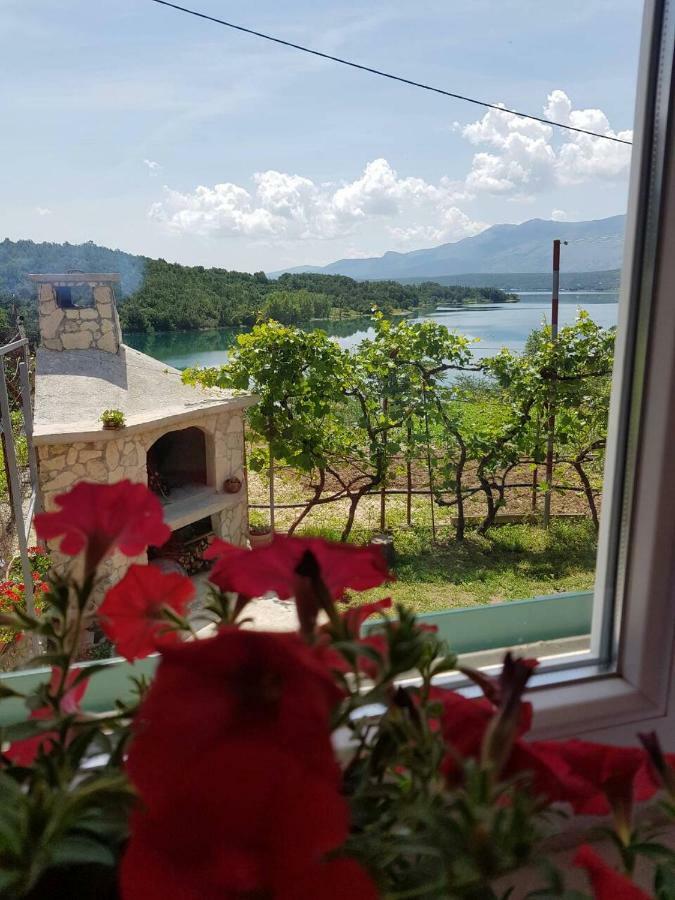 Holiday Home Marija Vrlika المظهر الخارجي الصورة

--

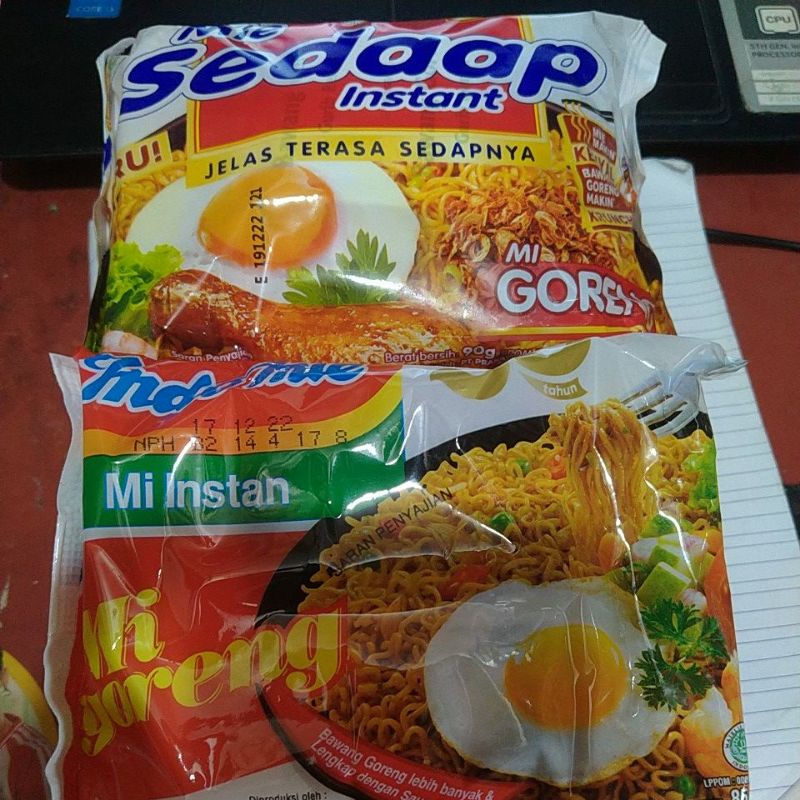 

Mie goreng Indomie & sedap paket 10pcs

...

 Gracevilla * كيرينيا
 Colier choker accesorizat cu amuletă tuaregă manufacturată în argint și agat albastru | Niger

**Work instruction**. Please give again the lines above between the line holding "Gracevilla * كيرينيا" and the line holding "Colier choker accesorizat", inclusive, exactly as they are and with nothing added.

**Answer space**.
 Gracevilla * كيرينيا
 Colier choker accesorizat cu amuletă tuaregă manufacturată în argint și agat albastru | Niger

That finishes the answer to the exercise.